*** Begin section ***

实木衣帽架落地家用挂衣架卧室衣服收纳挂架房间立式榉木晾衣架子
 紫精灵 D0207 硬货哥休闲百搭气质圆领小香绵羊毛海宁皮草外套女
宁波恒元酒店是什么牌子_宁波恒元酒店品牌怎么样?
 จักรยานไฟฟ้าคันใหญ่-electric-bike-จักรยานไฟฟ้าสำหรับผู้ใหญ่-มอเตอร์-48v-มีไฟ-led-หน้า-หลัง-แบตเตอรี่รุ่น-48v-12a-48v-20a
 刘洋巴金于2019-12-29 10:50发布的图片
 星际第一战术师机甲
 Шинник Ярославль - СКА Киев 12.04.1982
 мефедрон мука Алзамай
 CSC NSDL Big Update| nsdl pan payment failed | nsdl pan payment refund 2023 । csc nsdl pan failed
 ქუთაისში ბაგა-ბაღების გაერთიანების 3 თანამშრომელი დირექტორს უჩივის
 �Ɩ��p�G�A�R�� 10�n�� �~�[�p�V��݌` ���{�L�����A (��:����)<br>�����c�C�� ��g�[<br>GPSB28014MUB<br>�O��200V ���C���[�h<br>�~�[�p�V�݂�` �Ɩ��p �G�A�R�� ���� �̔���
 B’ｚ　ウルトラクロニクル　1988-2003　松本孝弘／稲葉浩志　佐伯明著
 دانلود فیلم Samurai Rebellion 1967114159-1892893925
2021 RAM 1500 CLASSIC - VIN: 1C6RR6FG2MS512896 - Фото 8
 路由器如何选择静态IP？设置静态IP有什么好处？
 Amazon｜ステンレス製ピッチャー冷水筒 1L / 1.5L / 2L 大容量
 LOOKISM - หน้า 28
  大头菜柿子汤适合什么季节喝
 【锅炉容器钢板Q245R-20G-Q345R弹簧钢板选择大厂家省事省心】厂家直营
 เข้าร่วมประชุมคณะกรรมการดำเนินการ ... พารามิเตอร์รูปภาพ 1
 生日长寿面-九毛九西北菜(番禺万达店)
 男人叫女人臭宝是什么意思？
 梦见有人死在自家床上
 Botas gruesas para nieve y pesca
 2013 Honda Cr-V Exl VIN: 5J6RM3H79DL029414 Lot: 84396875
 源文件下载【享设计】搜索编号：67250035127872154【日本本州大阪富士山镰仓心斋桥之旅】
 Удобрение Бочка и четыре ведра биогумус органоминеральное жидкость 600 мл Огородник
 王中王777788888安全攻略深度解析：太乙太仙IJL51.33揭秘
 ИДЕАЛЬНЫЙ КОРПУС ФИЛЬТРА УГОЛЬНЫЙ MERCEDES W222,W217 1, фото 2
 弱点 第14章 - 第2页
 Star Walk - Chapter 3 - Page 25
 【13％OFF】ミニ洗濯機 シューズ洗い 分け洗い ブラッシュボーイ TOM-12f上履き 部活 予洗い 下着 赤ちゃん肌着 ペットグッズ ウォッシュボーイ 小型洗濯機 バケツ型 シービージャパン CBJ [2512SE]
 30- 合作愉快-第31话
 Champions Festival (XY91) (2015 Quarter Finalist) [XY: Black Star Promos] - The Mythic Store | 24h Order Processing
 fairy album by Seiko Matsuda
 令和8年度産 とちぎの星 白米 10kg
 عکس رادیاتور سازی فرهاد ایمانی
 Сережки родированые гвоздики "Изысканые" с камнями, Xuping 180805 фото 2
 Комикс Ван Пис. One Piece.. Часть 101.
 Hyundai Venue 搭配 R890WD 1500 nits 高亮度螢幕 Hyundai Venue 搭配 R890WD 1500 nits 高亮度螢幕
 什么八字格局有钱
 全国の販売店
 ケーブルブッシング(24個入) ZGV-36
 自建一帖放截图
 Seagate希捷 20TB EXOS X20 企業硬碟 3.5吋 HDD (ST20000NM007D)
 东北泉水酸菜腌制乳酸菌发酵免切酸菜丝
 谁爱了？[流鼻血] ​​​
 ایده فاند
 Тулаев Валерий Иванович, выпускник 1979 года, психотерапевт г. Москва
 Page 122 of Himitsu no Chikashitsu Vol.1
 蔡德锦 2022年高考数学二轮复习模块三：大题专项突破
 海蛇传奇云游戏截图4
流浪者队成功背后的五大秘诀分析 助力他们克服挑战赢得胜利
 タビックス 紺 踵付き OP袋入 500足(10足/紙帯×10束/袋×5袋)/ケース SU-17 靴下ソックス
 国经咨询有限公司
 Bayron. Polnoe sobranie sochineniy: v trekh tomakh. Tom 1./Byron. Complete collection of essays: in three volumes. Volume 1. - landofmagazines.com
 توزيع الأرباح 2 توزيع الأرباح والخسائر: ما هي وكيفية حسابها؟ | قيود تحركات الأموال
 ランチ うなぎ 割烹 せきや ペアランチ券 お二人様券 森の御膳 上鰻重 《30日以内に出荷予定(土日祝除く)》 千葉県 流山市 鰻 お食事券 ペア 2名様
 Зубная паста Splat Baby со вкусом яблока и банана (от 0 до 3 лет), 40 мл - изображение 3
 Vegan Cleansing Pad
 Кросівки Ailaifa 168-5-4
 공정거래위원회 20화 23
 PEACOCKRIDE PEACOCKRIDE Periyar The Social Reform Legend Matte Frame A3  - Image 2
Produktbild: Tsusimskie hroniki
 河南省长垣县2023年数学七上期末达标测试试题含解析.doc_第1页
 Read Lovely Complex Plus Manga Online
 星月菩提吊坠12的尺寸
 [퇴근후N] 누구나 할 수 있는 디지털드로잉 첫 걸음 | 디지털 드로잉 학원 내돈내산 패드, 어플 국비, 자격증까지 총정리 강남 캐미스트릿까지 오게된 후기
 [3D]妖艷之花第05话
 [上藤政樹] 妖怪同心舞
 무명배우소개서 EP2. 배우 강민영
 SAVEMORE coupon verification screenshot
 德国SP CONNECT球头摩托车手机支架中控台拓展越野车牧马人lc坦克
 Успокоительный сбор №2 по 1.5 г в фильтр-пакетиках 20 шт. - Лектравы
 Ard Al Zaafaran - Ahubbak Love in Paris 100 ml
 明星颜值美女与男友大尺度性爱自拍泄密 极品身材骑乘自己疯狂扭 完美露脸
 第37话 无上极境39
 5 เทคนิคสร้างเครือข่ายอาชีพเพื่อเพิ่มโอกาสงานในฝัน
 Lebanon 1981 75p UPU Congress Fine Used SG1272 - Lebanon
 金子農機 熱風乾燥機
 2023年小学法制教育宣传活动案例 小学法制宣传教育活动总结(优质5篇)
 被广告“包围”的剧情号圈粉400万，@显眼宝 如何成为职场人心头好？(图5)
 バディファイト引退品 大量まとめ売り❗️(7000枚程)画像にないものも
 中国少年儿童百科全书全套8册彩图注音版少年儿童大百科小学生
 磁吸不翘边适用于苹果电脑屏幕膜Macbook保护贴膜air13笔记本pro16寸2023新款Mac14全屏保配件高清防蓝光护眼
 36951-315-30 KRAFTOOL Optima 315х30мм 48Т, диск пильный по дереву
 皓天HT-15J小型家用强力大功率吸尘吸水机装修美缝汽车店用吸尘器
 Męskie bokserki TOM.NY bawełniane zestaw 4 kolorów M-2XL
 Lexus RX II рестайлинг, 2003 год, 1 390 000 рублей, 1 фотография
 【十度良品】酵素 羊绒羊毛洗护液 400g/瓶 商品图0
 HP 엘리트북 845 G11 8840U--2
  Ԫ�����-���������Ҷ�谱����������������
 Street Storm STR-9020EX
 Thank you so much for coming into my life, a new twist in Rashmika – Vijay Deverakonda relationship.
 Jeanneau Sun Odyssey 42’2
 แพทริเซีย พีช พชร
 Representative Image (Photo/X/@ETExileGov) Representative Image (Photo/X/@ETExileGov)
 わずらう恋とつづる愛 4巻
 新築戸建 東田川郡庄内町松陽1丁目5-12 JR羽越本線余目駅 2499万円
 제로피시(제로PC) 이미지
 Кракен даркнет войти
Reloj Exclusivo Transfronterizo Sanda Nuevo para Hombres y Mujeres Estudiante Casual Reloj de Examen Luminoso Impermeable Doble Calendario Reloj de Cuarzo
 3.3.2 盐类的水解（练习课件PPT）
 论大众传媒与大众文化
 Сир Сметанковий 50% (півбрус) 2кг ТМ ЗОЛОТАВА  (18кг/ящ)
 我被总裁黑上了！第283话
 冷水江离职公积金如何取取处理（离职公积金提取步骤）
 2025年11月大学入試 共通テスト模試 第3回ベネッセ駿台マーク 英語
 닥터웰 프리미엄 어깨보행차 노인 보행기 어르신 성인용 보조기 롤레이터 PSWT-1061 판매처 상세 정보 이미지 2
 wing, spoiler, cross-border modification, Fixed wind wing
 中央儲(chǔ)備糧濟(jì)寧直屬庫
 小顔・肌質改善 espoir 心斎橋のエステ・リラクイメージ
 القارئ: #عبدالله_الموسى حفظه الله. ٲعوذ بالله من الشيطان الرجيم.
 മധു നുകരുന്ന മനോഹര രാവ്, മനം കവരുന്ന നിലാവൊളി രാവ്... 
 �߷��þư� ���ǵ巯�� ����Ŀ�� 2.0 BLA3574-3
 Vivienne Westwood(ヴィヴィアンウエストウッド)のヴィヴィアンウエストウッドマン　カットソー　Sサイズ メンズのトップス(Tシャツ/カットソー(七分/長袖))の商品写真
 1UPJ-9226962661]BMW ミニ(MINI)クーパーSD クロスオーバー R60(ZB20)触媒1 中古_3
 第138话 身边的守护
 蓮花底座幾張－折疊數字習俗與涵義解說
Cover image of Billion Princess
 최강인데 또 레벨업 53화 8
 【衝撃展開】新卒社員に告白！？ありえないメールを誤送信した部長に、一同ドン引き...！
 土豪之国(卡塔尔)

*** End section ***

What is needed: Copy exactly the stretch of data above from the line with "紫精灵 D0207 硬货哥休闲百搭气质圆领小香绵羊毛海宁皮草外套女" through the line with "Шинник Ярославль - СКА Киев 12.04.1982", and omit all other lines.

Response area:
 紫精灵 D0207 硬货哥休闲百搭气质圆领小香绵羊毛海宁皮草外套女
宁波恒元酒店是什么牌子_宁波恒元酒店品牌怎么样?
 จักรยานไฟฟ้าคันใหญ่-electric-bike-จักรยานไฟฟ้าสำหรับผู้ใหญ่-มอเตอร์-48v-มีไฟ-led-หน้า-หลัง-แบตเตอรี่รุ่น-48v-12a-48v-20a
 刘洋巴金于2019-12-29 10:50发布的图片
 星际第一战术师机甲
 Шинник Ярославль - СКА Киев 12.04.1982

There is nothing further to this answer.